● How to complete this task: In the records below, the line with "671x1235 Bacon Strip" opens the range and the line with "Cap Point Navy" closes it; print that range exactly and nothing else.

● Exercise material:
*** Begin section ***

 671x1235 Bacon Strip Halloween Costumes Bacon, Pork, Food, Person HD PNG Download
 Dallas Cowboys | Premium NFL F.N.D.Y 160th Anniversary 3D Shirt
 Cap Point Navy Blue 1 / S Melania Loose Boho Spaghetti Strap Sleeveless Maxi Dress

*** End section ***
*** Begin section ***

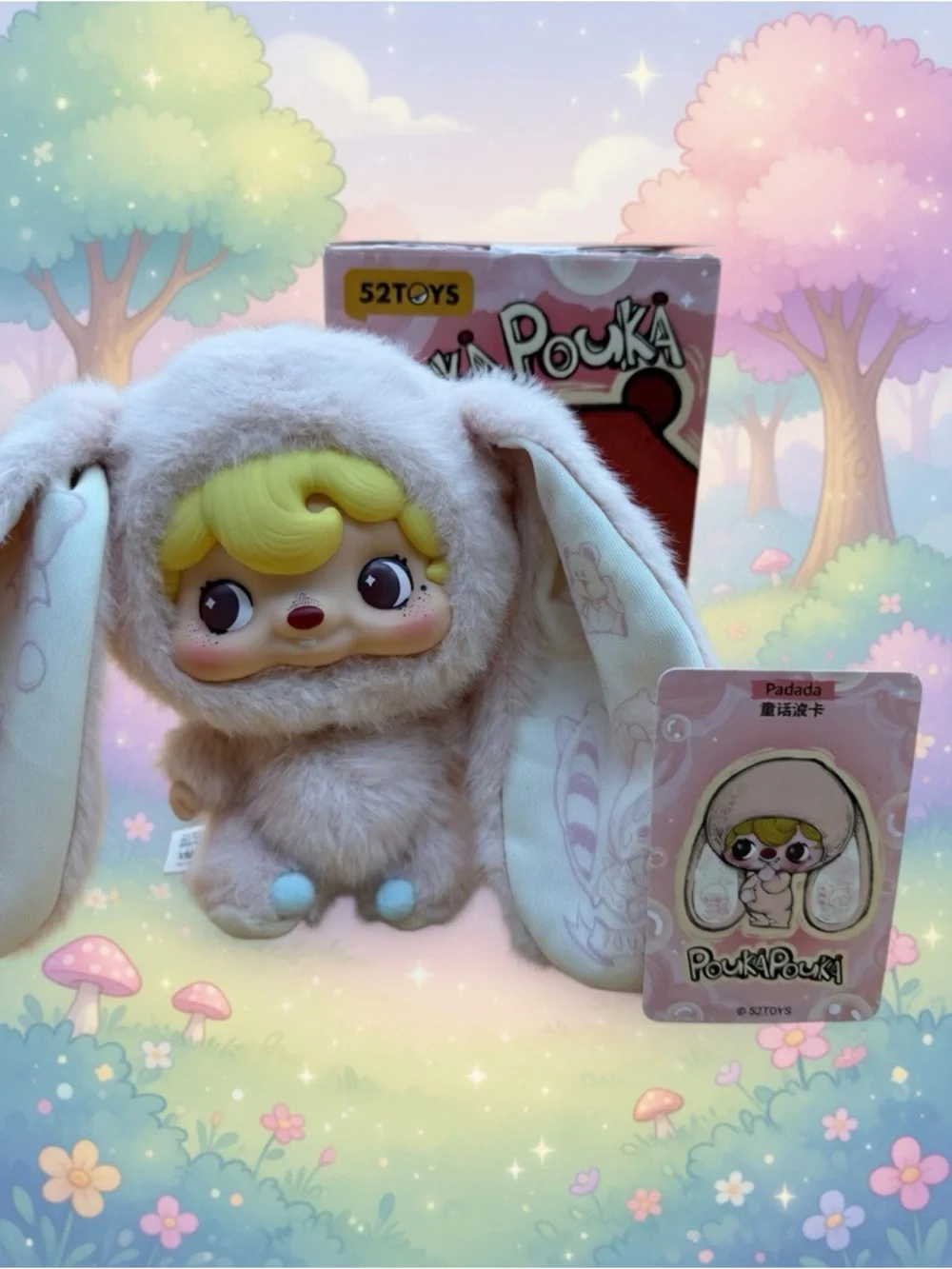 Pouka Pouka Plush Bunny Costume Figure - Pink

*** End section ***
*** Begin section ***

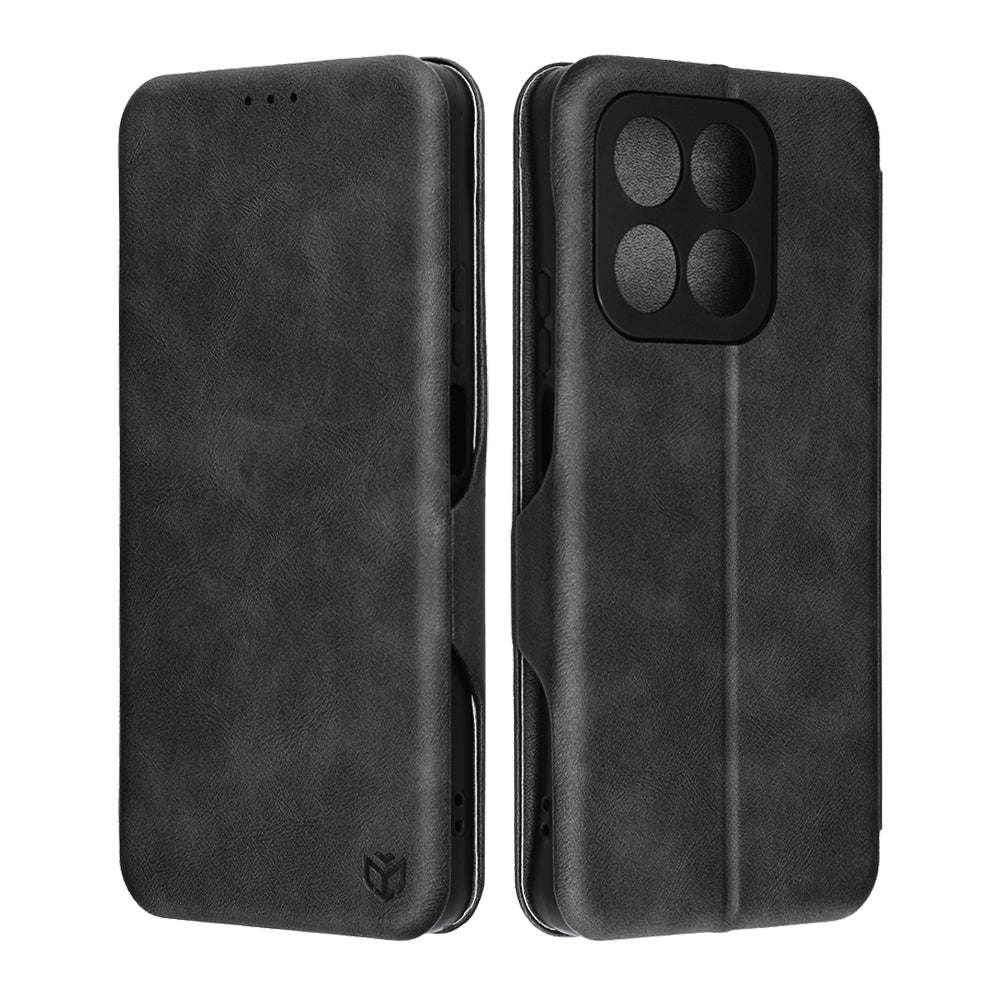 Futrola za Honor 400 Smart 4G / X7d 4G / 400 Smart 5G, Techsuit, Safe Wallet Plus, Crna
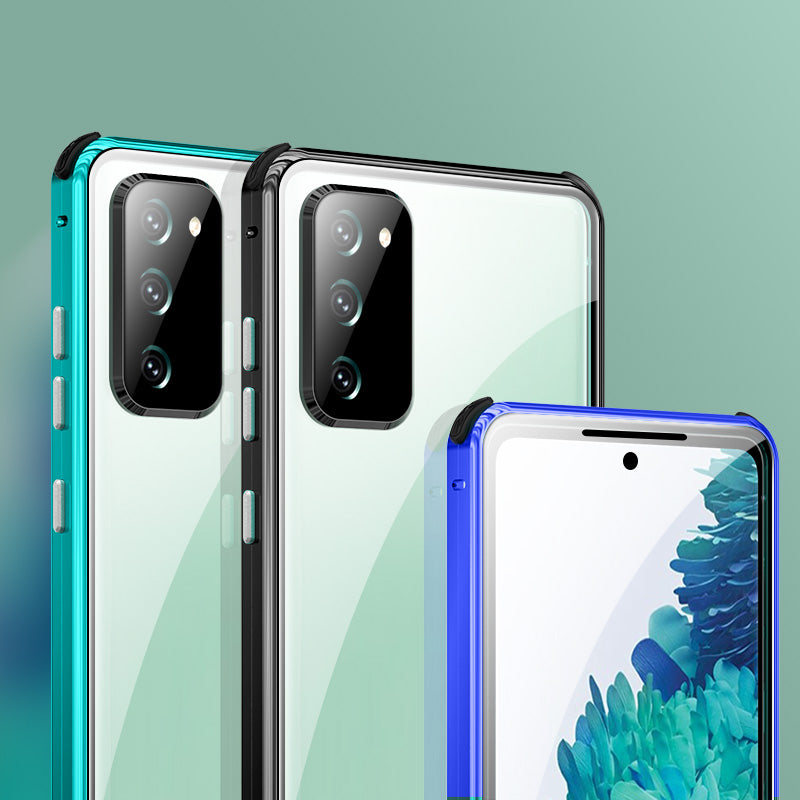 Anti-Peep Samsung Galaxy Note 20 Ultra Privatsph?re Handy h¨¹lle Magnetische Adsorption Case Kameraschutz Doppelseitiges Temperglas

*** End section ***

● Response to the task:
 671x1235 Bacon Strip Halloween Costumes Bacon, Pork, Food, Person HD PNG Download
 Dallas Cowboys | Premium NFL F.N.D.Y 160th Anniversary 3D Shirt
 Cap Point Navy Blue 1 / S Melania Loose Boho Spaghetti Strap Sleeveless Maxi Dress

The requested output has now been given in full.